AIM OF THE EXERCISE ->
Below are some records. Return exactly their lines from the one containing "7750#เสื้อแขนสั้นคอเหลี่ยม ผ้าไหมพรม TAG:WG.WE" through the one containing "Flower Keychain Sublimation", and drop the pictures.

RECORDS FOR PROCESSING ->
+===+

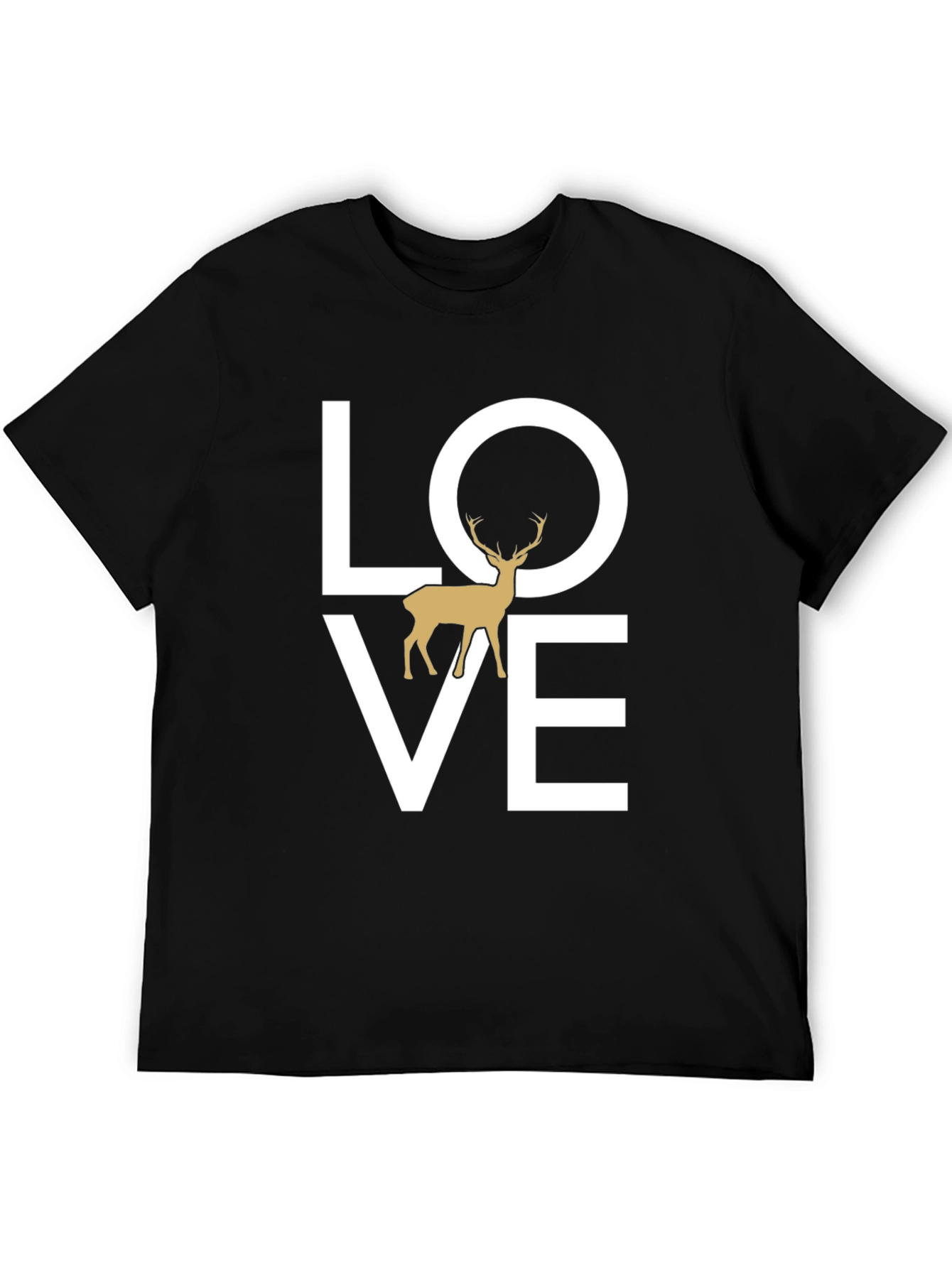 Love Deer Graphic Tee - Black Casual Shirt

+===+

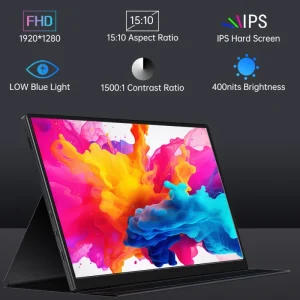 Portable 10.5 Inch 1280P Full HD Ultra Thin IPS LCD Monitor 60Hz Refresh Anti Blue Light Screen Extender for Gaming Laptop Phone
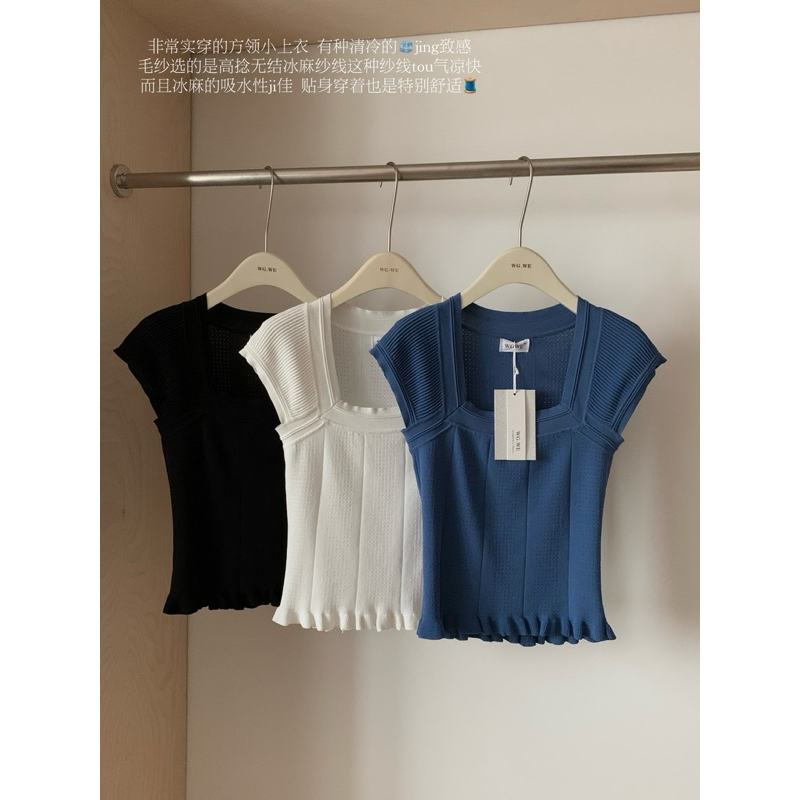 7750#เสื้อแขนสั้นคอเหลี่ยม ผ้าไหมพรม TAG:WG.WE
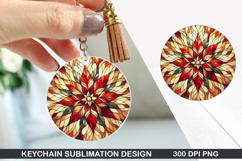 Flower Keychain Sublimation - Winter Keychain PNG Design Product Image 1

+===+

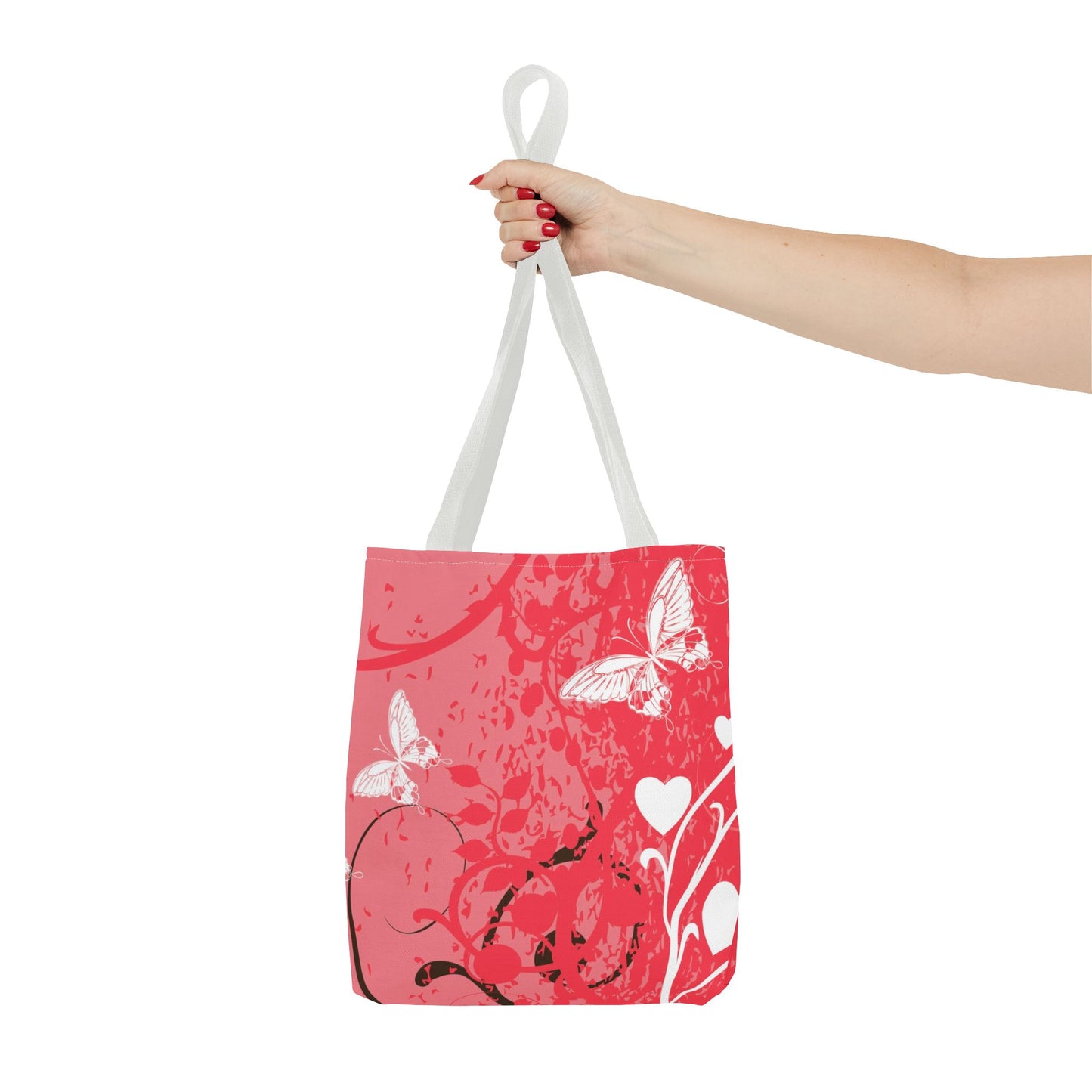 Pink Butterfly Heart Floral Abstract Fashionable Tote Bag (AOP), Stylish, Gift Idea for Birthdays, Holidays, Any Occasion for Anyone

+===+

COMPLETED EXERCISE ->
 7750#เสื้อแขนสั้นคอเหลี่ยม ผ้าไหมพรม TAG:WG.WE
 Flower Keychain Sublimation - Winter Keychain PNG Design Product Image 1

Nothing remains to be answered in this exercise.